Gli equilibri del centrodestra

Sul ruolo del Presidente del Consiglio si è espresso il numero 2 di Forza Italia, Antonio Tajani: “Io Presidente del Consiglio? Se me lo chiedono sono pronto“. Una risposta magari data anche superficialmente, se si considera FI come terza forza del centrodestra e che si attesta al 7% nei sondaggi. Arriva pronta la risposta di Guido Crosetto di Fratelli d’Italia: “No a Tajani premier, non decide il PPE chi fa il Presidente del Consiglio“.

Di sicuro, nel toto Premier rientra Giorgia Meloni, a capo di un partito che continua a crescere attingendo anche dall’elettorato di FI e Lega. La leader di Fratelli d’Italia non vede l’ora di arrivare al giorno del voto, dato che ha nelle mani una grandissima opportunità. Dalle prima dichiarazioni, pare abbia anche ammorbidito i toni rispetto alle tante uscite dei mesi scorsi. Chi invece dovrà quantomeno limitare i danni rispetto al risultato del 2018 è Matteo Salvini. Il segretario della Lega ha invocato il “voto subito” nel tentativo di preservare e non perdere altri elettori. Anche il “capitano” non cederà facilmente la leadership della coalizione ma nel gioco degli equilibri saranno decisive anche le scelte per i candidati Presidente di Regione, sul quale Lega e Fratelli d’Italia potrebbero vacillare.

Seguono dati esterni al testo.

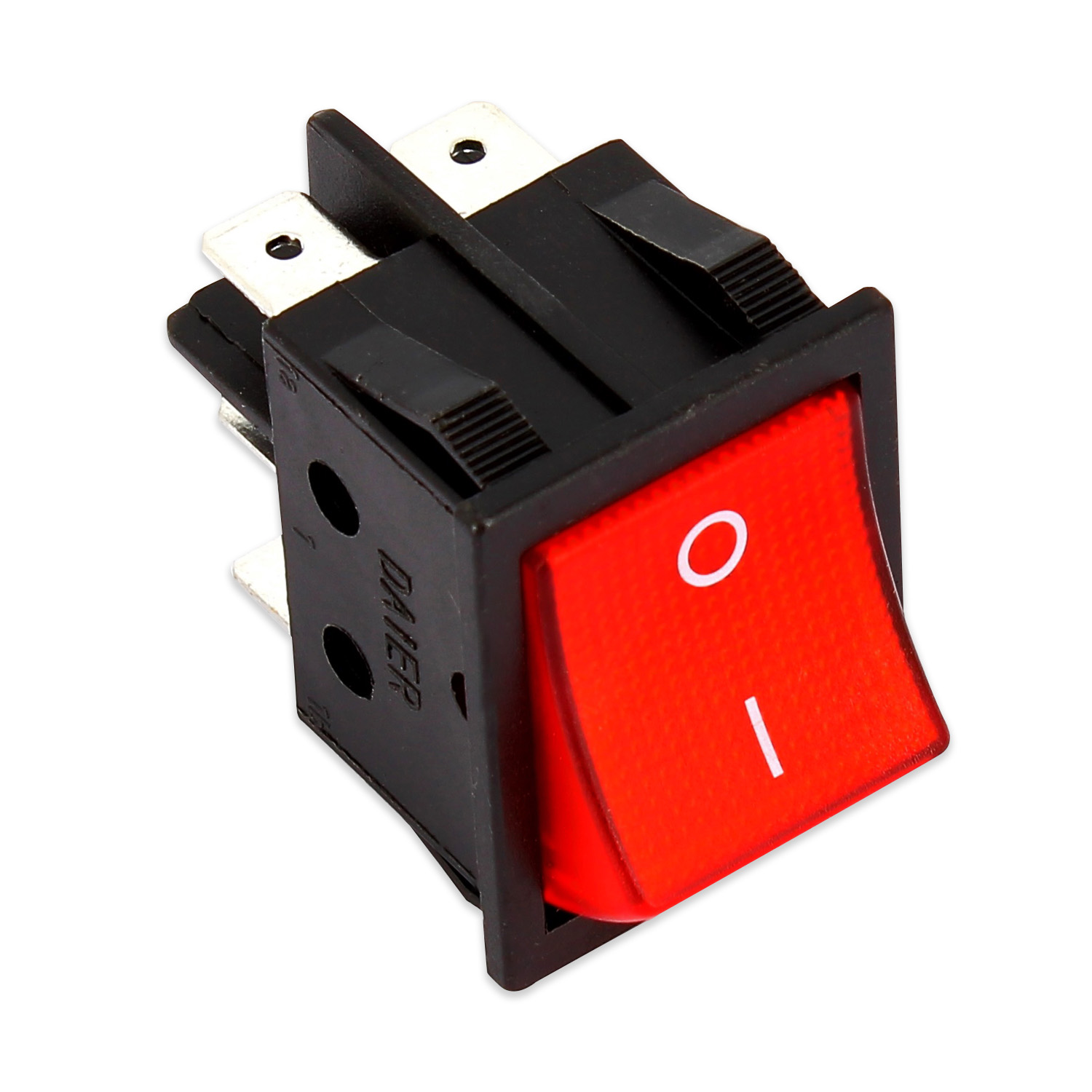Deviopulsante bipolare luminoso di colore rosso 6 faston 30x22mm adattabile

Lo schema a “quattro punte” del campo largo

Al Nazareno è tempo di calcoli. Il Partito Democratico è consapevole che, per aver qualche chance contro il centrodestra, dovrà raggruppare più forze nel “campo largo” di cui ha parlato Letta. Con il Rosatellum liste anche piccolissime potranno essere determinanti per far scattare un seggio proporzionale, far vincere un collegio uninominale o far aumentare le percentuali dei partiti maggiori. Proprio partendo dalle regole della legge elettorale che il Nazareno ha deciso di impostare la partita con uno schema “a quattro punte”. Infatti, a Fratoianni di Sinistra italiana è stato proposto il compito di riunire ogni possibile formazione a sinistra. A Tabacci, uno dei primissimi sostenitori di Draghi premier, del Centro Democratico è stata assegnata la delega per raccogliere desaparecidos dei 5s e del centrodestra. Al PSI è stato chiesto di unirsi ai Verdi o convergere con SI. Mentre il Pd, nelle vesti di regista, scenderà in campo con la scritta “democratici e progressisti” sotto il simbolo, per accogliere anche Speranza e il suo intero gruppo di Articolo 1.

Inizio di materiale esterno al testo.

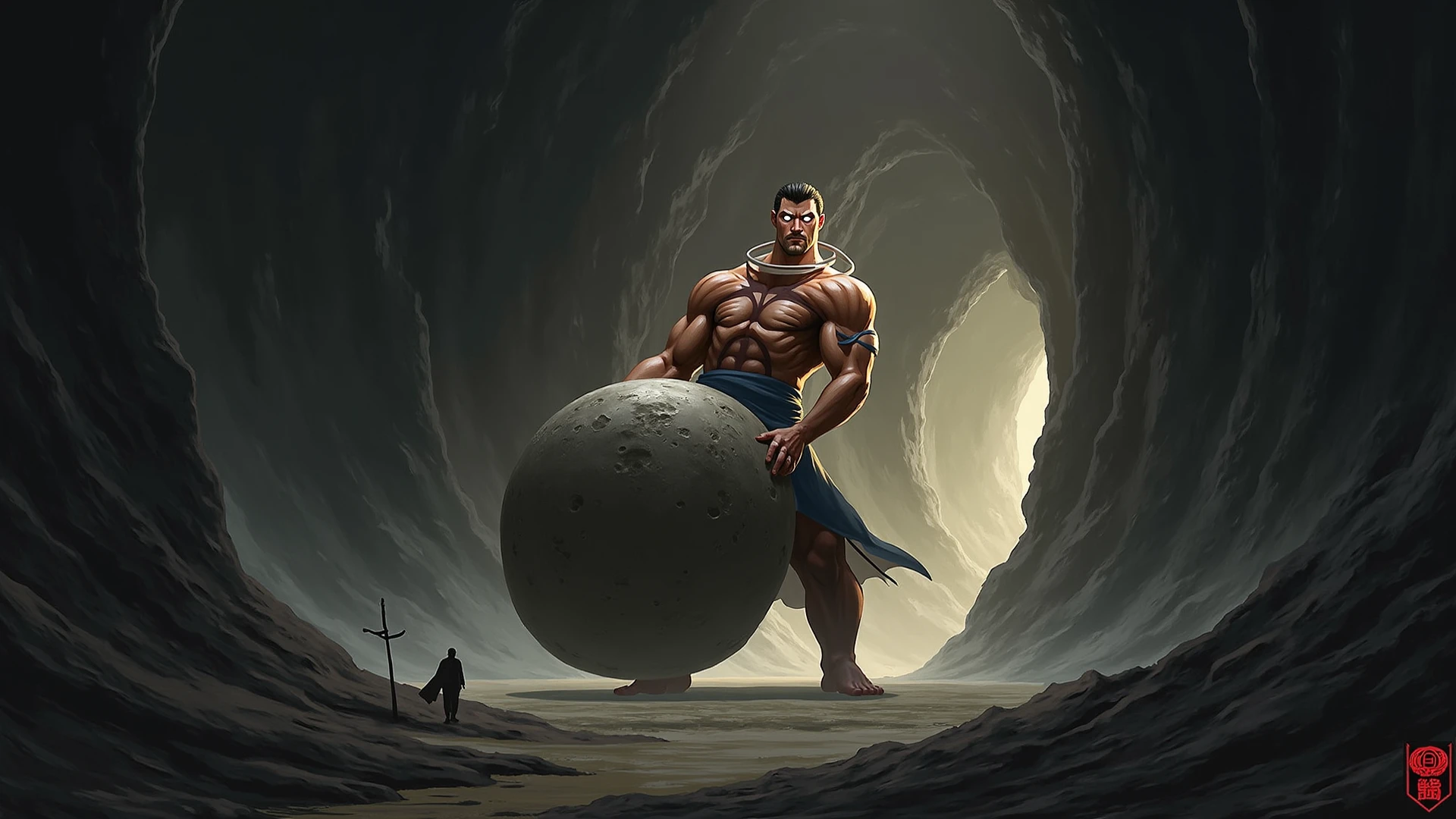 (1boy) (male) ((front view)) ((figure fills frame)) ((facing viewer)) Insanely Handsome, very detailed flawless face, detailed open eyes, very attractive and handsome, epic, heroic, (muscular) bodybuilder, ((big muscles)), ((large pectorals)), narrow waist, short messy hair. ((hairy chest)), ((hairy legs)). Wearing fur loin cloth, carrying a wooden spear. Emerging from a (partially dark cave) entrance. It is (night), the only source of light is a large campfire out of view. Highly detailed fantasy art, dramatic volumetric light, artstation, beautiful modern fantasy illustration.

Il campo largo sembra quindi essere davvero l’unica via possibile per provare a ribaltare una sconfitta prevista da molti addetti ai lavori. I voti delle forze che non supereranno lo sbarramento del 3% verranno infatti assegnati ai partiti maggiori. Cioè al Pd, che in cambio garantirà agli alleati delle candidature sicure. Così i dem confidano di aver gioco facile per uscire dalle urne come prima forza nazionale. Un risultato che garantirebbe la segreteria a Letta anche in caso di sconfitta.

La quarta punta

Il pacchetto offensivo manca ancora della “quarta punta”. Il nome è quello di Carlo Calenda, leader di Azione, che per ora resiste alle avance di Letta. In base ai sondaggi, detiene un pacchetto di consensi tale da poter anche superare la soglia del 5% stabilita per chi va da solo. Un vero incubo per i dem. Letta punta quindi sulla Bonino e insiste perché entri a far parte dell’alleanza. L’esponente radicale è propensa ad accettare. In tal caso cambierebbe tutto: +Europa non solo è alleata di Azione ma soprattutto ha l’esenzione per la raccolta delle firme. Se la federazione si rompesse, Calenda sarebbe chiamato ad un grande sforzo organizzativo in poco tempo.